- _THE PROBLEM_:
For every line in the material, output its text exactly and exclude any image it holds.

- _COLLECTED MATERIAL_:
•••••

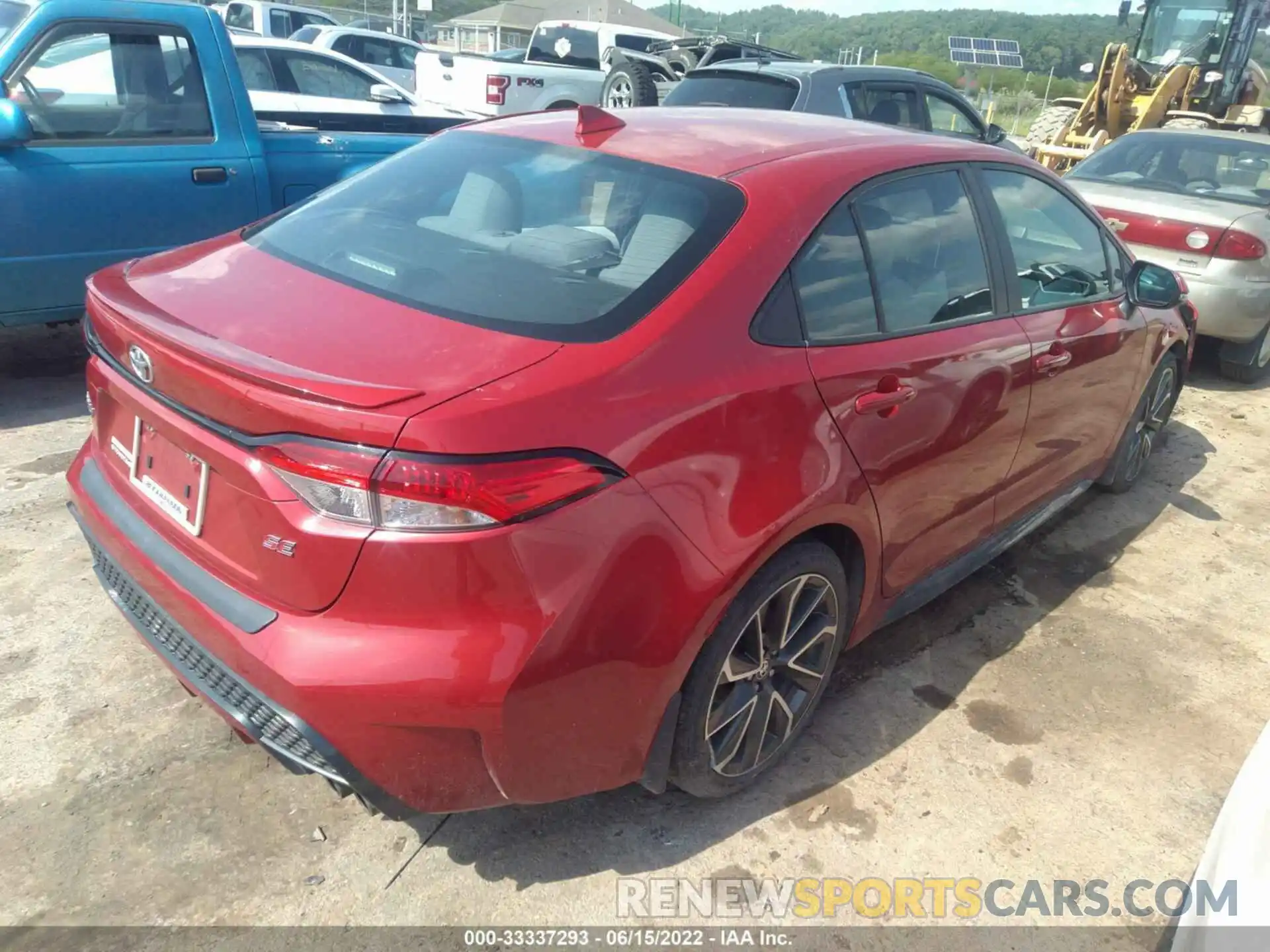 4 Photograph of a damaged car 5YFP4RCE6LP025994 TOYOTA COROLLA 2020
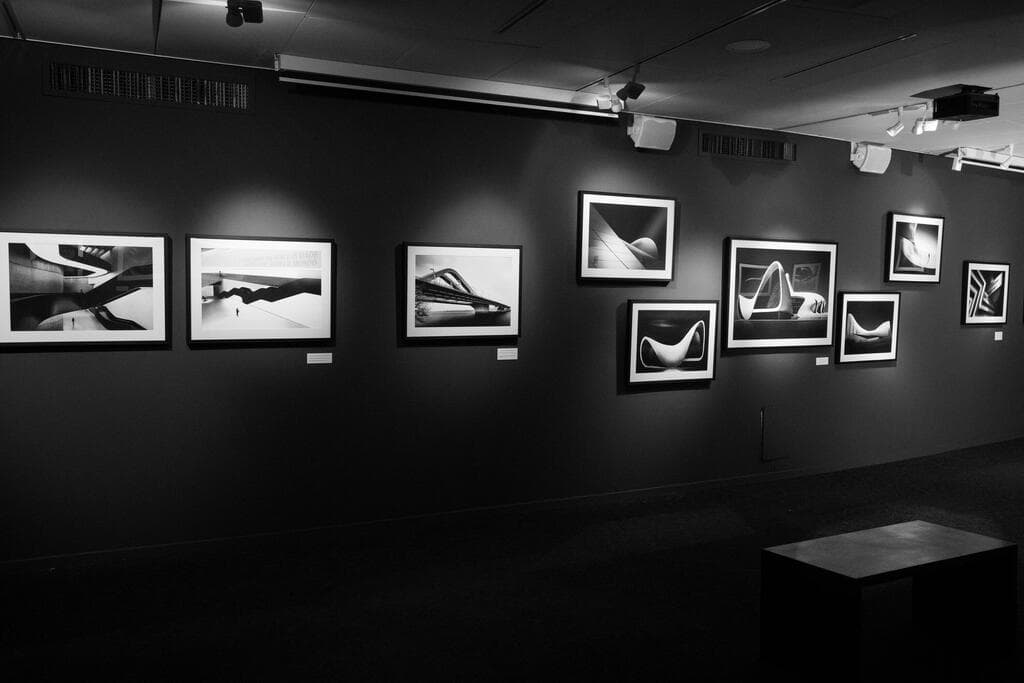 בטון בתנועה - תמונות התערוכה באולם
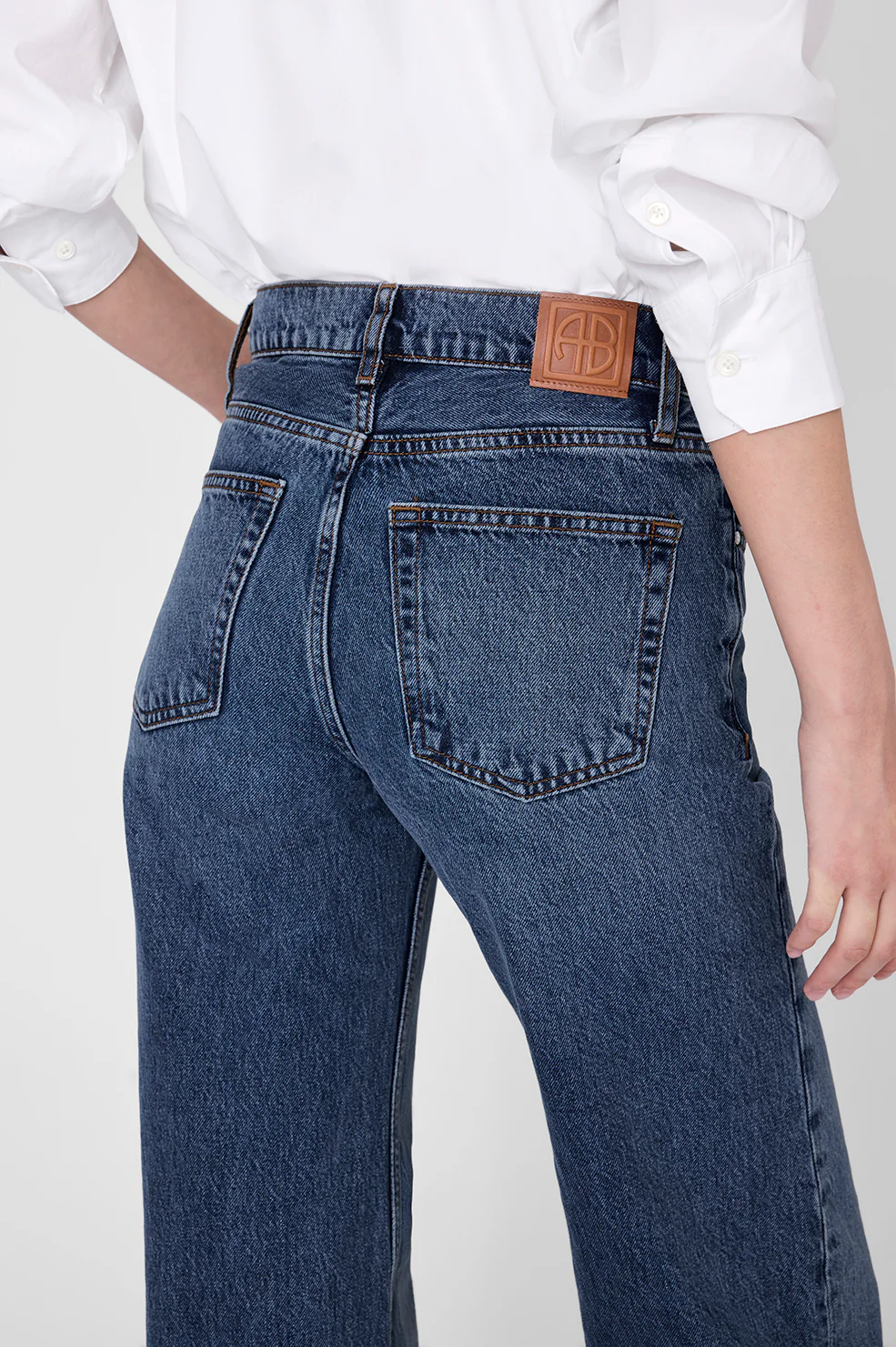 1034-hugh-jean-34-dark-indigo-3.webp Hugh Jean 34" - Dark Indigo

•••••

- _EXERCISE OUTPUT_:
 4 Photograph of a damaged car 5YFP4RCE6LP025994 TOYOTA COROLLA 2020
 בטון בתנועה - תמונות התערוכה באולם
 1034-hugh-jean-34-dark-indigo-3.webp Hugh Jean 34" - Dark Indigo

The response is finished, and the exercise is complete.